# My first attempt!



## hobbistas (10 Apr 2021)

Hello everyone, here I present my first attempt of a low tech planted aquarium, based on the Walstad method. The tank is 50-ish litters diy. The substrate is composed of a 2 cm layer of sifted organic soil capped by a 4 cm layer of Tropica Soil Powder. I am still experimenting with the lighting period, but I am thinking of a plan with a 4 hour siesta ( 4 light, 4 siesta, 4 light). I used various plants ( Echinodorus bleheri, Valisneria spiralis 'Tiger', Hygrophila polysperma, Hygrophila corymbosa, Bacopa Caroliniana, Sagittaria Subulata, Ranunculus inundatus, Alternanthera Reineckii rosanervig Aegagropila linnaei (Marimo), Egeria densa)
I really hope they are enough for the kind of scape I hope for. I am open to suggestions and glad to know your opinion on my project...

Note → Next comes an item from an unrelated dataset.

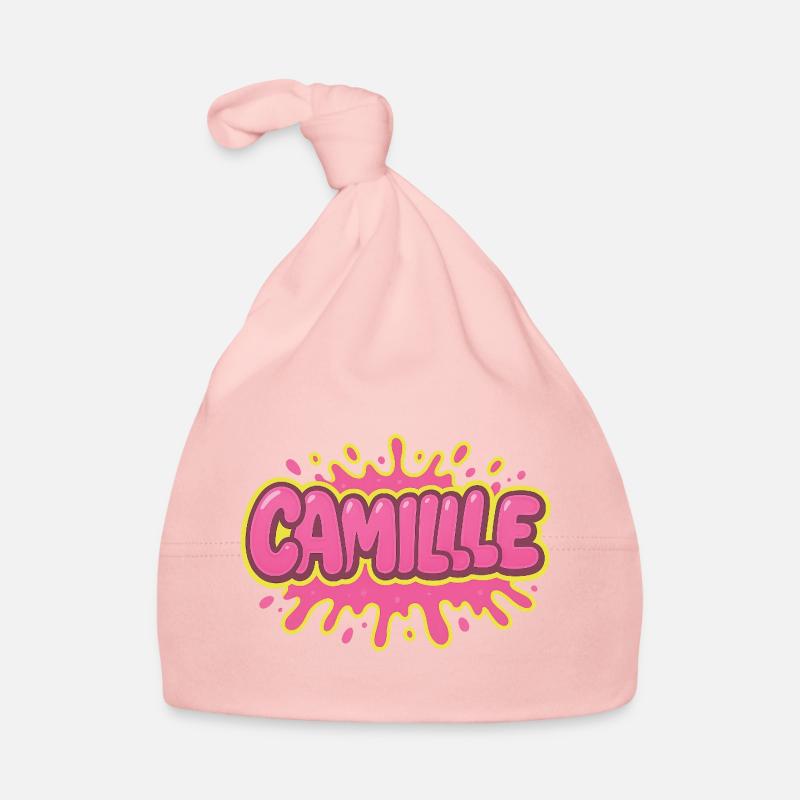 Graffiti  Camille Prénom cadeau idéal imprimable s Bonnet bio Bébé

Στάλθηκε από το SM-G973F μου χρησιμοποιώντας Tapatalk


----------



## Sean Scapes (24 Jun 2021)

Really nice tank. Sagittaria Subulata is a great plant some people don't like it but it spreads well even without co2 some blades will for no reason grow really tall. You have plenty of space if the budget allows you to you could always add more to the foreground. Plants like Staurogyne repens, Lilaeopsis Brasiliensis are great low tech foreground plants.


I would probably just start with a 6hr photoperiod and just ramp it up gradually over a few weeks. This all depends on the lights you are using. If I'm not mistaken most people use a siesta for when they are injecting co2 as a way to boost co2 levels during the photoperiod.


----------